36 Her Honour went on to conclude, at [72], that the employer was vicariously liable, pursuant to s 106(1) of the SDA, for the acts of the employee who engaged in the conduct. Branson J did not give further reasons for this conclusion, which we take to have been based on the observations she had earlier made on the question whether the harassment was to be characterised, for the purposes of s 28B(2) of the SDA, as harassment by an employee of a fellow employee.

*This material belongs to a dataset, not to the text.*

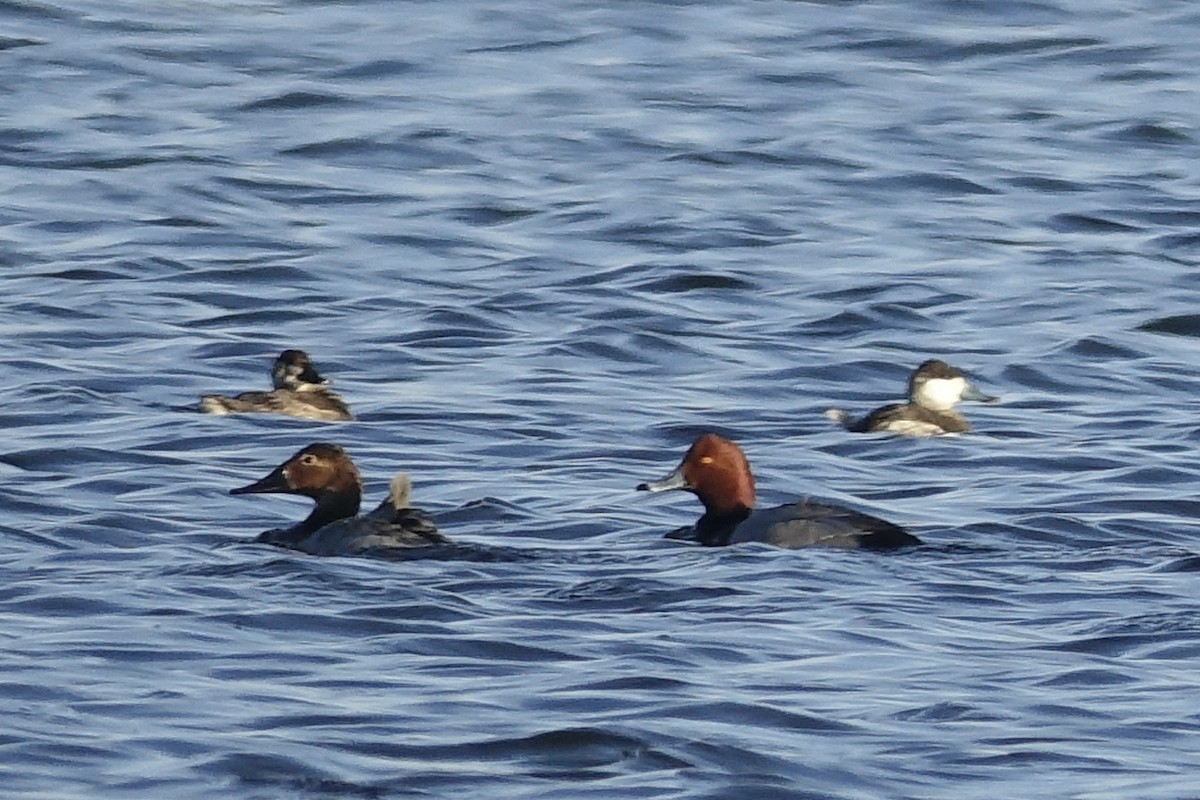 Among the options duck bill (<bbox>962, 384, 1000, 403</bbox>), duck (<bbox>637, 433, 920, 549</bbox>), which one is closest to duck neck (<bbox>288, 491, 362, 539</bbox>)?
duck (<bbox>637, 433, 920, 549</bbox>)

37 An attempt was made by the appellant to distinguish Leslie v Graham on its facts and on the footing, as we understood the submission, that the complainant in that case and her fellow employee were in the apartment so that they could attend a specific work-related conference and were not living in it as their regular habitation. Because the weekend conference was work-related there was a sufficient connection between the employment and the acts of harassment to found vicarious liability.
38 The attempt to distinguish Leslie v Graham must fail. It is true that in this area of the law each case is likely to turn very much on its own facts, but within a framework of consistent principle developed over time by the cases.

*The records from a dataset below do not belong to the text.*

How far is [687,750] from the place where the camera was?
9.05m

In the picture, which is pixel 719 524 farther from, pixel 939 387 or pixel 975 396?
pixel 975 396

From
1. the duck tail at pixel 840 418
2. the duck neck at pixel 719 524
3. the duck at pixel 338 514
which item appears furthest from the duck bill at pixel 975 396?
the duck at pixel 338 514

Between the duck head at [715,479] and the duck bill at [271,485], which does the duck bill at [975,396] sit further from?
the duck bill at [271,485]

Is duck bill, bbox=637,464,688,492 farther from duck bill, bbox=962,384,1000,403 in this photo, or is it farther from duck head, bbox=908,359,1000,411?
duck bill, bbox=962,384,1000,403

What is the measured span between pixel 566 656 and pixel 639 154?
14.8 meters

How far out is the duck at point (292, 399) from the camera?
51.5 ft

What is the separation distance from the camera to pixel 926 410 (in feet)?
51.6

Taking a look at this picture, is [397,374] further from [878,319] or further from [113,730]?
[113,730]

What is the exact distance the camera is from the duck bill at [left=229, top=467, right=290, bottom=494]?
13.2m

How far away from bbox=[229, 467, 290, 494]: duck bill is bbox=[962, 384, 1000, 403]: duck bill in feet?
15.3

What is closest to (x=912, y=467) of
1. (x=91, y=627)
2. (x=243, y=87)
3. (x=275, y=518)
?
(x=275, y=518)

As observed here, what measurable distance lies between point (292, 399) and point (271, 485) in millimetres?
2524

39 As in Leslie v Graham,the conduct here occurred in accommodation occupied (albeit in separate rooms) by the complaint and her fellow employee because of, and for the purposes of, their common employment. The accommodation provided for the weekend conference in Leslie v Graham equates with the accommodation provided for employees who might need it whilst working on a remote island. As in Leslie v Graham, it could not be said here that the common employment was unrelated or merely incidental to the sexual harassment of one by the other.
40 In the present case the connection between the employment and the acts in question was even closer since the prohibition on staff having visitors in the staff accommodation meant that, absent any special arrangements by the employer, only staff were permitted there. It was only by virtue of their being staff that Mr Anderson and Ms Trainor were in the Staffies premises where the acts of sexual harassment occurred.

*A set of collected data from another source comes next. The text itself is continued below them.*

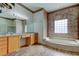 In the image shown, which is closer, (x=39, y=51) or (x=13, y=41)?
(x=39, y=51)

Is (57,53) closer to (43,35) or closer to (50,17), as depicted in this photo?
(43,35)

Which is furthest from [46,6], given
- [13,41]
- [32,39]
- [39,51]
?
[13,41]

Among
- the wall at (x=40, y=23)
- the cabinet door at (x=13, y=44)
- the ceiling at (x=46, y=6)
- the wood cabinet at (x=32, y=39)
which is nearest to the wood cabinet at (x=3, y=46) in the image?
the cabinet door at (x=13, y=44)

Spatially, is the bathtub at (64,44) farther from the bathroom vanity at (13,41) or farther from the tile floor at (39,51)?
the bathroom vanity at (13,41)

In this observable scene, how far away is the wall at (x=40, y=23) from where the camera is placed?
2600 millimetres

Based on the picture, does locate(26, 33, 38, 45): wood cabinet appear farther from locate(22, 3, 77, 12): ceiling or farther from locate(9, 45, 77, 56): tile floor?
locate(22, 3, 77, 12): ceiling

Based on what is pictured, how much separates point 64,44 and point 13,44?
138cm

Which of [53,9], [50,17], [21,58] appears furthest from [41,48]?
[53,9]

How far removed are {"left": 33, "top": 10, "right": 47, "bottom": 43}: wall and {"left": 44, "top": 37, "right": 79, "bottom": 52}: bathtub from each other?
0.51 ft

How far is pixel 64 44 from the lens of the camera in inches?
99.5

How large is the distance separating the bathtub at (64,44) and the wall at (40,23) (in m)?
0.16

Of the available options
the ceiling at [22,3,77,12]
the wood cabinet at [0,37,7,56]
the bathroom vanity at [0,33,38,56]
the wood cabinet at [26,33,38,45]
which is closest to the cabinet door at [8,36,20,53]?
the bathroom vanity at [0,33,38,56]

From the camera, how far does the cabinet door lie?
9.66ft

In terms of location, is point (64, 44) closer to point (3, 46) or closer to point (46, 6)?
point (46, 6) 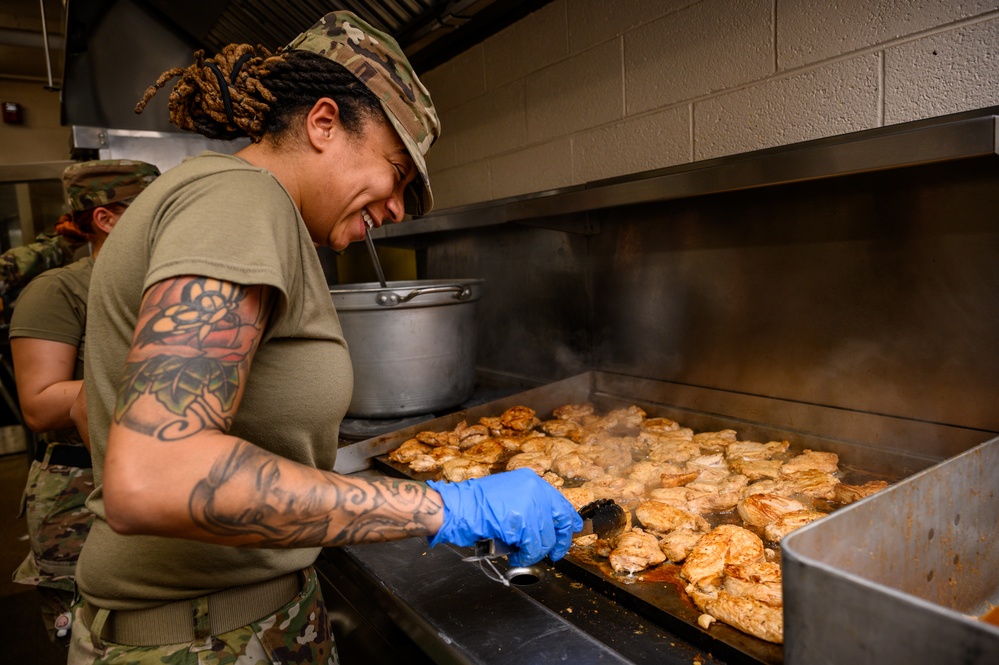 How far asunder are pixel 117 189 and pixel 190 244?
1.95 meters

41 The expression ‘in connection with’ in its context in s 106(1) of the SDA is a broad one of practical application and, as in Leslie v Graham, the facts here point readily to the conclusion that Mr Anderson’s conduct in the staff accommodation was ‘in connection with’ his employment within the meaning of s 106(1) of the SDA. The Federal Magistrate was correct in coming to the conclusion that he did.
42 We would add that the expression chosen by the Parliament to impose vicarious liability for sexual harassment would seem, on its face, to be somewhat wider than the familiar expression ‘in the course of’ used with reference to employment in cases about vicarious liability at common law or in the distinctive context of workers compensation statutes. Nevertheless cases decided in these other fields can have, at best, only limited value in the quite different context of the SDA.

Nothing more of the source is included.